My wife and I took the kids to Canada’s Wonderland last weekend to kickstart the summer vacation season. I was a little worried about how this was going to turn out. Wonderland is located just a few minutes north of Toronto, where G20 protesters had been busy the night before torching police cars, disrupting the downtown, generally misbehaving and getting themselves arrested by the hundreds. My guess was that the park was either going be slow as Toronto residents hunkered down or left town altogether, or really busy if they wanted to escape the summit nonsense for a day.
Fortunately, it wasn’t overly busy. The day was overcast, which may have helped, but line-ups for most rides were quite reasonable with most maxing out at twenty minutes for much of the day and most kid’s rides being only five or ten minutes. Military helicopters were constantly circling overhead the park in pairs (and sometimes in a formation of four), but that was the only reminder I saw of what was taking place only a few miles away.
For Canadians, particularly those living in Southern Ontario, Canada’s Wonderland is it in terms of major theme parks -we have no Disneys here. Admission prices are high enough that Wonderland isn’t what I’d call a “cheap” outing (I received a handful of media passes, but paid for one child over 48″ in height, which was $54.99 Cdn plus tax at the gate) and there was also $10 for parking and we boarded our two dogs on-site for $6 each (which is a great option for those of us who live a few hours away). However, tickets can be re-used for a second admission during the season, which makes it a much more reasonable proposition for return visitors and there are always retailers and web specials where discounted tickets can be picked up. So long as you stay all day and make the most of the 200+ rides, it’s worthwhile.
I don’t do rides at all thanks to a combination of motions sickness and a morbid fascination with roller coaster failure stats, but every family needs someone to act as the packhorse and slug around a backpack, water bottles and wallets, as well as acting as the official photographer.
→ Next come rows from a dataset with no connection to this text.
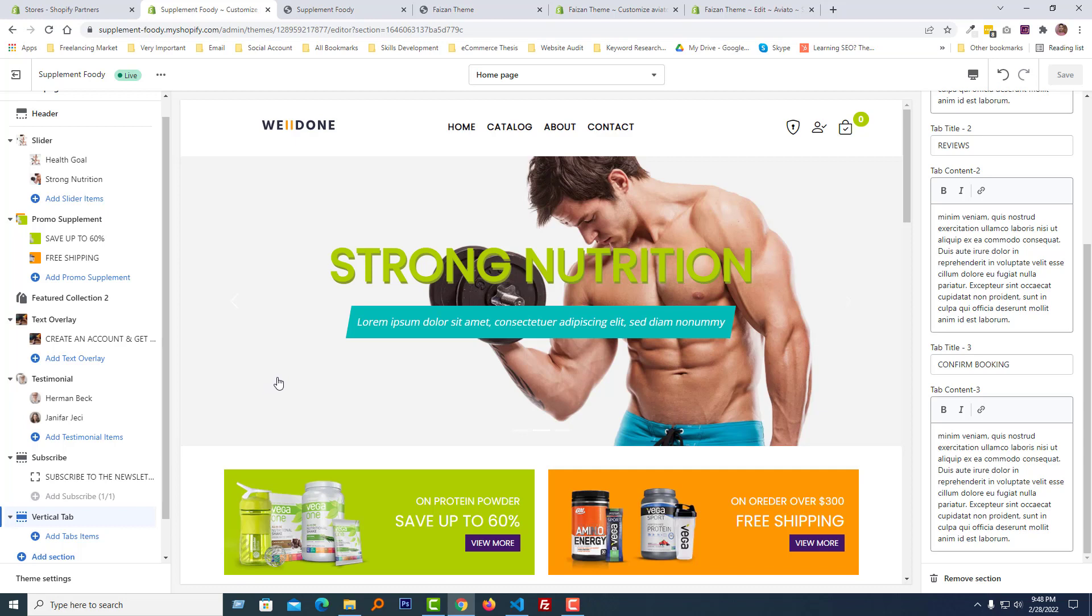I will share the code purchase link in the video description so you can purchase this code with minimum amount. So thank you for your time to watch this video. If you think this video is helpful, then click on the like button and subscribe to my channel. And I'm going to start my Shopify theme development course from scratch, also Shopify store design like a professional web designer without any coding. Also another course will be Shopify theme customization.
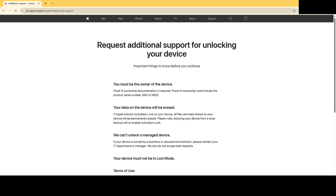First, it needs proof of ownership documentation like your iPhone's serial number, IMEI, or MEID. Second, your iPhone has been set to Lost Mode. Third, you can't restore data from a backup connected to the Apple ID you don't remember. Fourth, they don't offer assistance on an iPhone owned by a business or educational institution. Once you're ready, use the link in the description below to reset iPhone without Apple ID password.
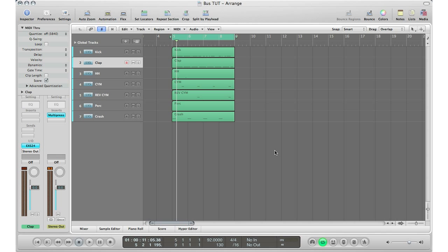What's up YouTube, it's Adam from I'm a Music Mogul and welcome to Tips and Tricks Thursday episode number 10. Today I'm going to be talking about bus sends and auxiliary tracks in Logic.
Actually, speaking of backpacks and water, my wife picked up a pair of spray bottle/ misting fan contraptions that actually work pretty well for cooling you off on the go, but one had been pre-filled with water prior to leaving and the bottom wasn’t screwed on properly, so it soaked my backpack. I spent the first few hours of the day feeling as though I’d run through the water park, which was special. I also packed my eBook reader to make the most of waiting while everyone else was in line and once again, the water resistant jacket I tested last year proved its worth.
The classic feature of the park, visible from quite some distance, is Wonder Mountain, a large artificial structure that’s home to water divers (in season) and the Mighty Canadian Minebuster (at 4,000 feet it’s Canada’s longest wooden coaster) -a ride that my wife and all the kids went on. The Peanuts are the latest theme in the park (last time we were there it was Scooby Doo and Nick Toons) and I was looking forward to spending some relaxing time wandering around in Planet Snoopy. We did go there, but even my 7 year olds are starting to outgrow those rides. Where has the time gone? The Ghoster Coaster was very popular, but the bigger coasters were the real draw. Wonderland claims to have North America’s largest variety of roller coasters, including 65 so-called thrill rides, so there was lots to choose from.
If you’re in the Toronto area and jonesing for some coaster time, Canada’s Wonderland is a pretty good bet. Young kids are covered for the day as well, with Planet Snoopy and KidZville. While food is typically amusement park expensive and usually fried and/or cheese covered, parents will be happy to know that they can pack a picnic lunch for the pavilion outside the gates if they want healthier and/or cheaper choices, there are plenty of shady treed spots for cover from the sun, smoking is allowed only in designated areas and drinking fountains are plentiful.